GPhC ‘cannot confirm’ pre-reg exam date until supplier is chosen
The GPhC “cannot confirm an exact date” for its online registration assessment until it appoints a provider, it has said in response to an RPS and BPSA call for a timeline.
The regulator is now in “the very final stages of the procurement exercise and expects to be able to give a further update to all candidates by next week”, General Pharmaceutical Council (GPhC) chair Nigel Clarke wrote to the Royal Pharmaceutical Society (RPS) and the British Pharmaceutical Students’ Association (BPSA) earlier this week (September 21).
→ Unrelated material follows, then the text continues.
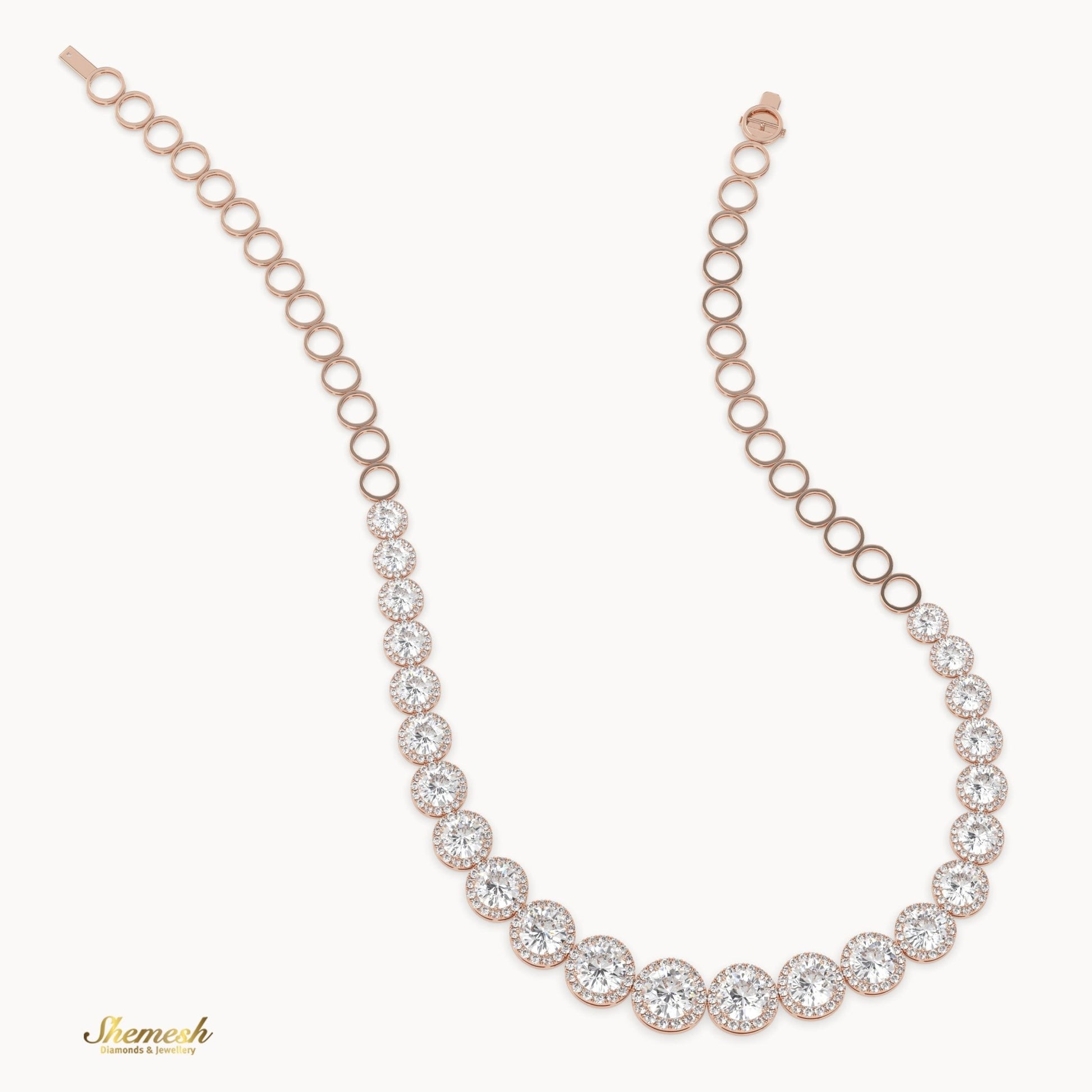 18K Gold Half Eternity Round Diamond Necklace - shemesh_diamonds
“Once the supplier has been appointed, we will work with them at pace to identify when the registration assessment can be held,” Mr Clarke said.
Urgent clarification needed
The RPS and BPSA letter to the GPhC last week (September 18) was signed by RPS president Sandra Gidley and BPSA president Regan McCahill and urged the regulator to clarify when the 2020 registration assessment will take place.
The GPhC’s decision to postpone the assessment and the “lack of progress updates” is “causing considerable additional anxiety" for students taking the exam, Ms Gidley and Ms McCahill wrote in the letter.
Trainees are “feeling increasingly frustrated” by the delay, which in some cases has had the consequence of leaving them unemployed, Ms Gidley and Ms McCahill said. “Others have visas that will expire before the assessment takes place”, they added.
“Regular communication”
The two pharmacy bodies also invited the regulator to improve communications with trainees. “Regular communication is essential to allay their concerns and to make them feel engaged and valued,” Ms Gidley and Ms Cahill said.
In response, Mr Clarke said the GPhC had been regularly updating candidates, “whenever there have been updates to share”.
Trainees had been informed that they could expect a further update on the registration assessment by the end of September in communication from the GPhC at the end of August, Mr Clarke said.
“It is a very complex process to move the assessment online” and the GPhC is working to ensure the new platform works for all those taking the exam and that any impact “in relation to equality, diversity and inclusion” is mitigated, Mr Clarke added.
RPS CEO Paul Bennett welcomed the GPhC’s “rapid response” and said the RPS is “encouraged that they have taken our concerns onboard”.
The GPhC announced its decision to postpone the 2020 registration assessments on March 26. In May, it told C+D that the pandemic had accelerated existing plans to move to an online registration assessment.
More than 1,600 pre-registration trainees had applied to join the GPhC’s provisional register as of July 17. In order to remain on the register, provisionally registered pharmacists must sit and pass the registration assessment “at the first opportunity if they are fit to do so”.